# New to Beretta 92 ??



## lipripper (Jul 13, 2014)

I just bought a decent Beretta 92FS . On the left side of slide there is a small shield with the letters "PS" stamped in them .. 

Would that be a particular sheriff dept, Police Special, ?? any ideas. 

BTW totally new to this forum,but frequent many others and look forward to learning from the members here. Thanks yall


----------



## TAPnRACK (Jan 30, 2013)

I believe the "PS" in the shield stamp was on a run of "Police Special" 92's that were produced for LE. They came in a cardboard box with the same mark instead of a hard case since duty guns usually stay on a shelf in a locker or in the duty holster... they rarely get stored in a case by LEO's... at least in my experience. My Glock 22's case has sat at the bottom of my locker since day one, lol. 

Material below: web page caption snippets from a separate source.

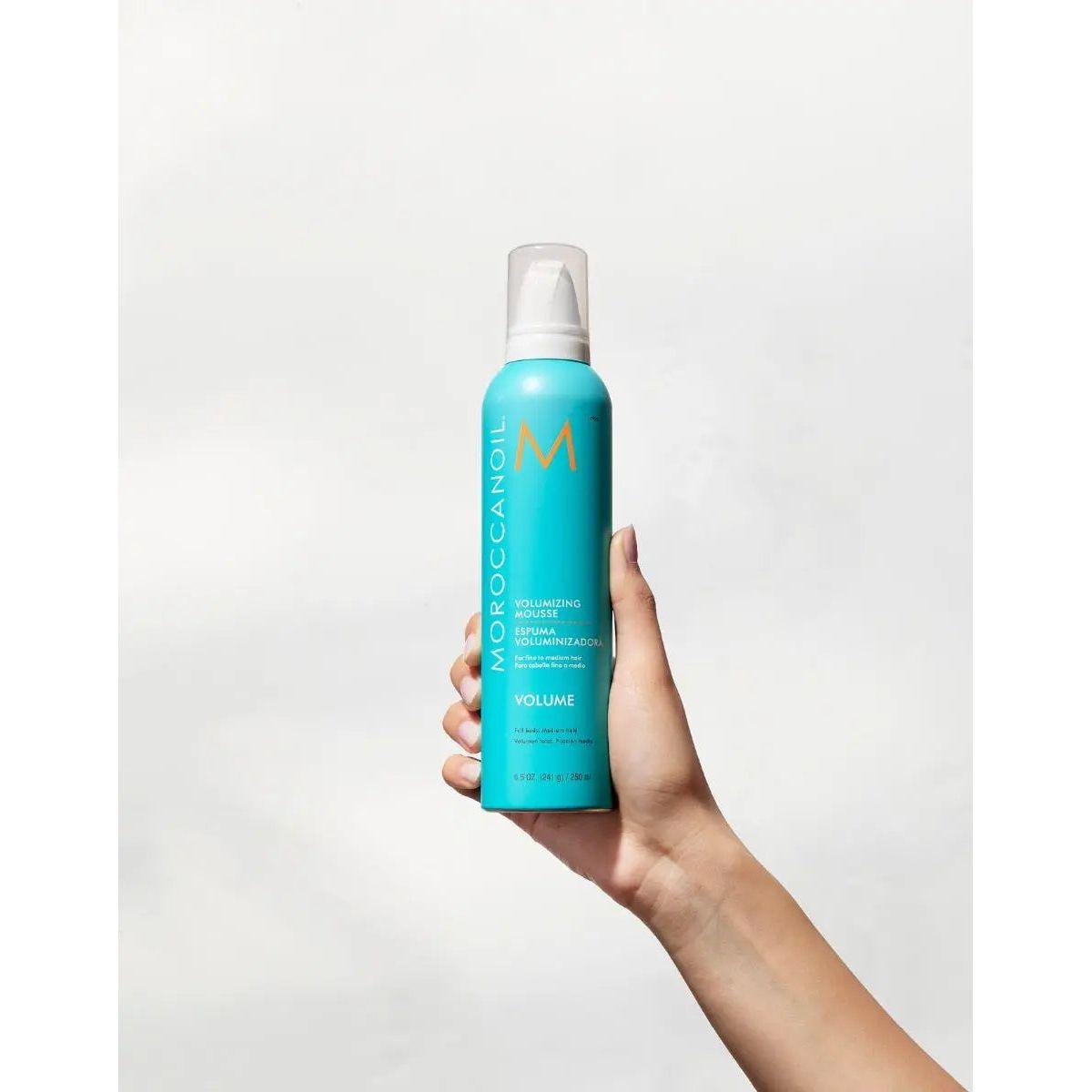 Moroccanoil Volumizing Mousse bottle held in hand, designed for instant volume and lift in fine hair.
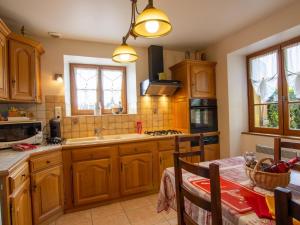 a large kitchen with wooden cabinets and a table at Maison Périgourdine avec piscine, WiFi, animaux acceptés - FR-1-616-77 in Daglan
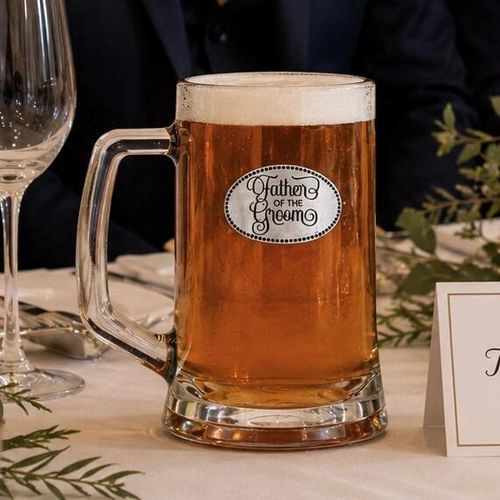 A Beer Tankard with a Pewter Father of the Groom badge on the front, filled with Amber Beer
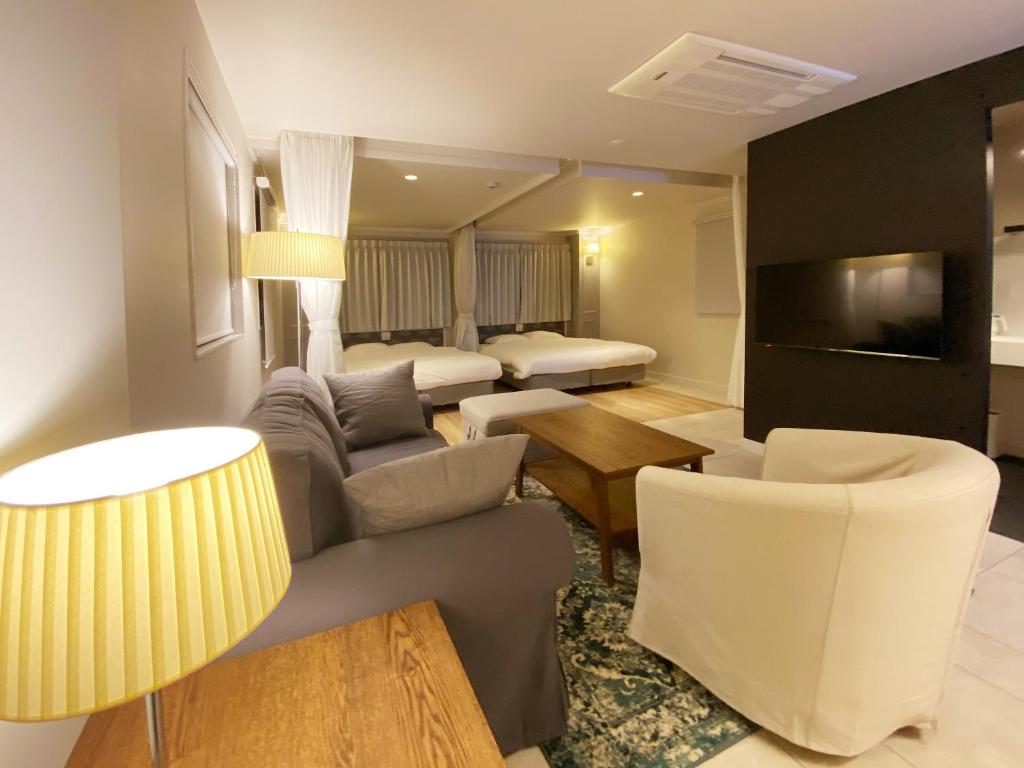 a living room with a couch and chairs and a tv at precious days inn in Fukuoka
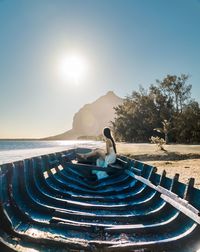 Woman sitting on shipwreck at beach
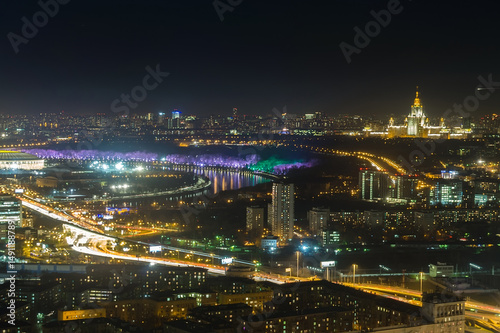 Wallpaper Mural A breathtaking panorama of Moscow at night highlights the city's illuminated skyline. Vibrant colors reflect on the river, while buildings and streets radiate life and energy. Torontodigital.ca
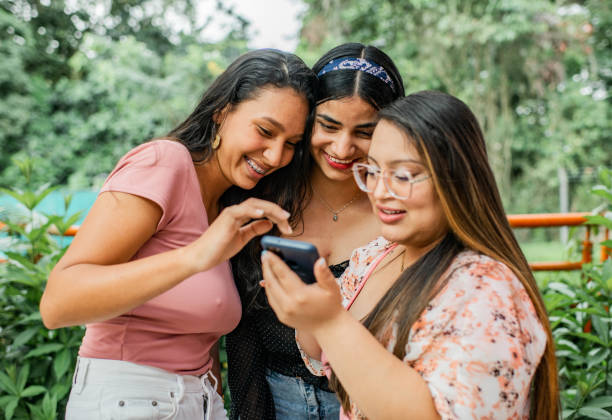 istock Young women sharing smiling and playing. 1453393893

Pretty sure they are the same as other 92's (no special features like "G" models)... they were just intended for LE sales. Some were most likely available to civilians or dealer specials. The finish should be more of a matte finish vs the more glossy (Bruniton) finish on other models. Sold with 3 mags as well instead of 2.



Welcome to the forum!


----------



## denner (Jun 3, 2011)

I have a 1993 "PS" (Police Special) with the "PS" stamped on the slide inside a badge emblem and "P" stamped on the trigger guard inside a badge emblem. It's a "92G" model with the 92G stamped on the slide. The pistol has a smooth dark blue finish. When you de-cock the pistol if the de-cocker springs back up it's a 92G if it stays down on safety it's a 92FS. It may have come with Trijicon night sights as well as did mine.


----------



## lipripper (Jul 13, 2014)

Thanks guys. I forgot I have a Beretta 25 also so not my first but def my fave so far!


----------